Pope Francis has encouraged all believers to pray for each other, and to pray the Lord when we are in need and when we have reason to thank Him.
Concluding his cycle of catecheses dedicated to the corporal works of mercy, the Pope addressed the faithful gathered in the Paul VI Hall in the Vatican for the weekly General Audience and reminded them that although the cycle has reached conclusion, we must continue to practice mercy in our lives.
Speaking of the corporal work of mercy which invites us to bury the dead, Pope Francis said it could appear a strange request. In fact it is sadly meaningful in the present day – he said – when we think of the many people who risk their lives in order to give decent burial to the victims of war who live in fear under constant fire and bombardment.
And for us Christians, he said, burial is an act of great faith because when we lower the bodies of our loved ones into the tomb, we do so in the hope of their resurrection.
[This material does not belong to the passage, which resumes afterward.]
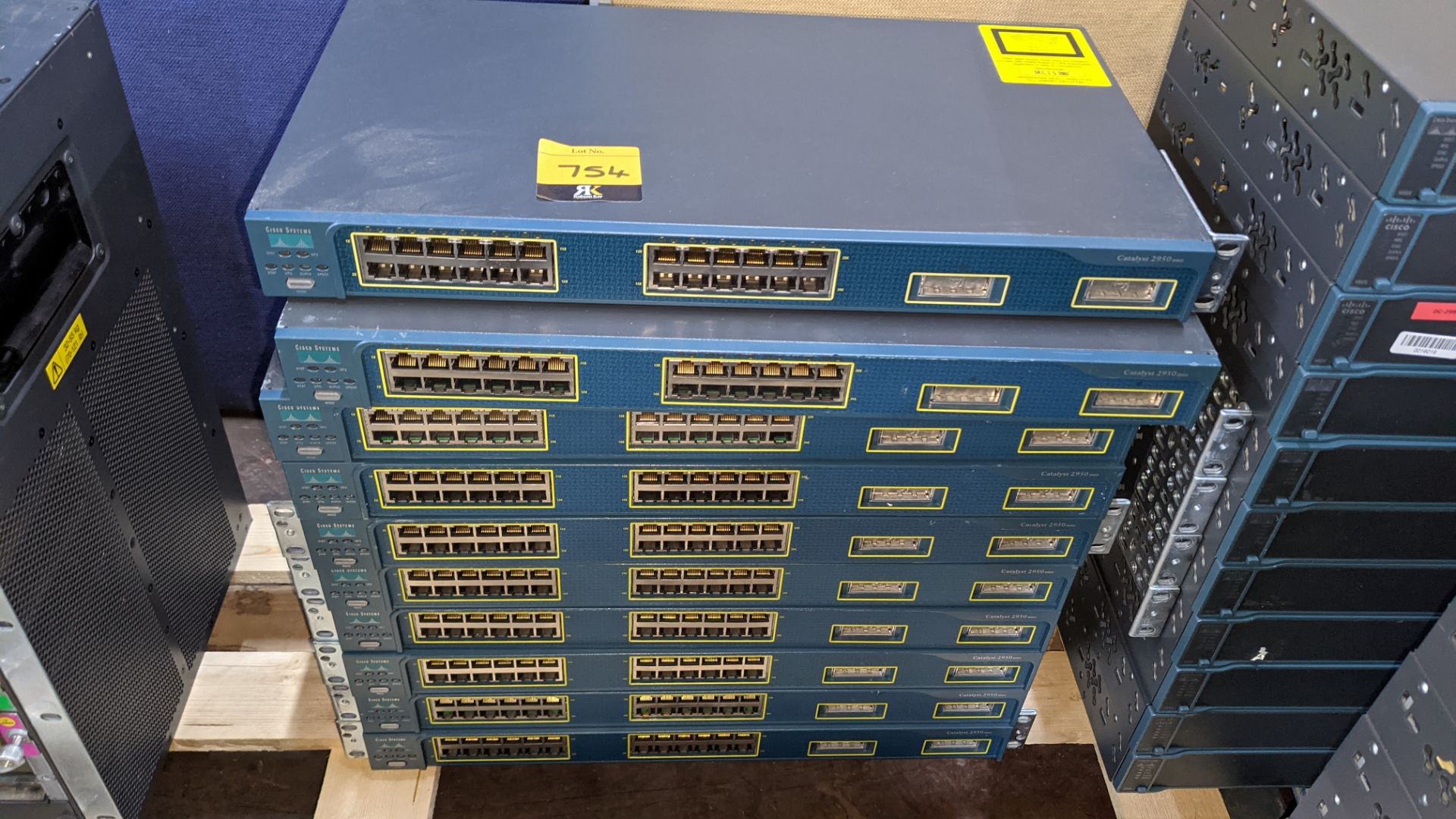 10 off Cisco Catalyst 2950 series - Image 2 of 5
Turning to the very last of the spiritual works of mercy: praying for the living and the dead, the Pope said it is especially meaningful in this month of November, when we commemorate all the faithful departed and thank the Lord for having allowed us to partake of their love and their friendship.
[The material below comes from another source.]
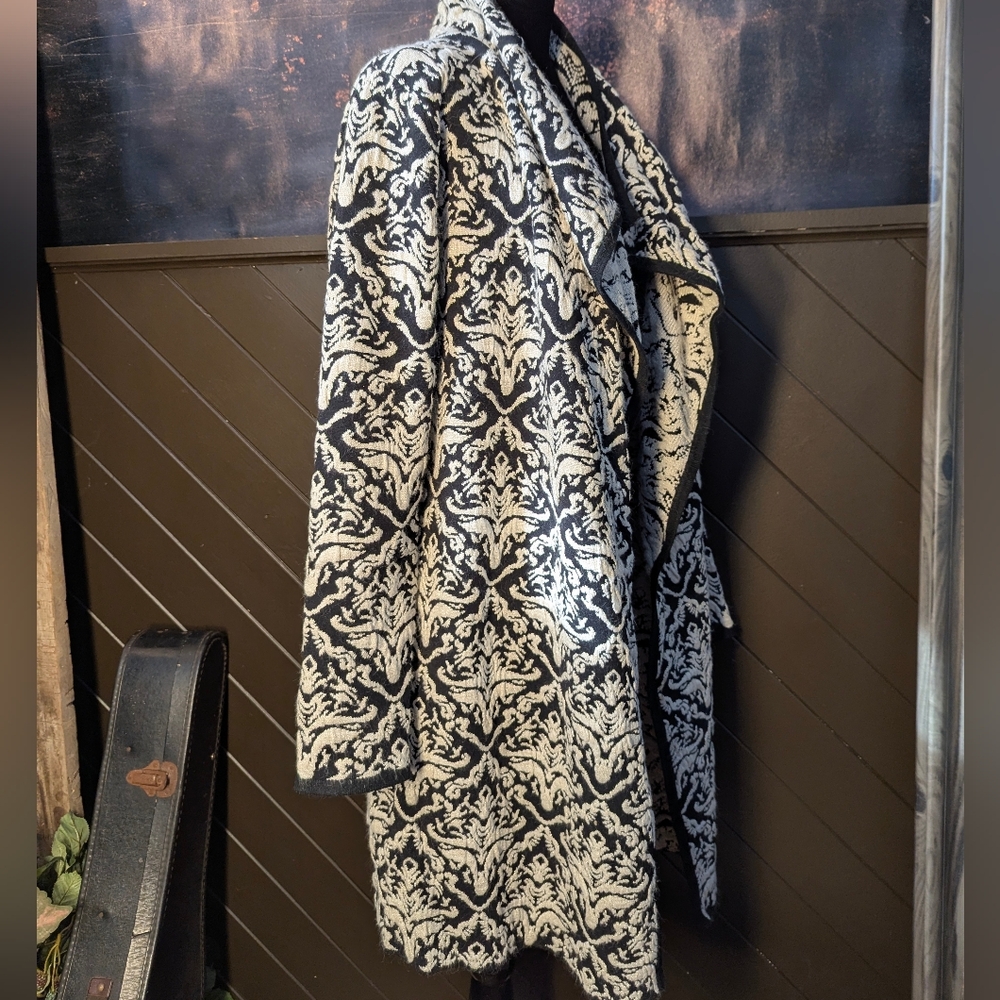 Open Wear Cardigan.  M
What’s more, the Pope said, praying for the living and the dead is an eloquent expression of the communion of saints and reminds us of how we are all united in God’s great family.
“This is why we pray for each other” he said.
And encouraging us all to open our hearts to the Holy Spirit, who knows our deepest desires and hopes, and embrace in our prayer all those in any kind of need, the Pope reminded us not to forget also thank God for the good things in our lives.
Concluding his catechesis, Pope Francis expressed his hope that the 14 corporal and spiritual works of mercy on which we have meditated throughout the Holy Year may continue to inspire and guide us on the path of God’s mercy.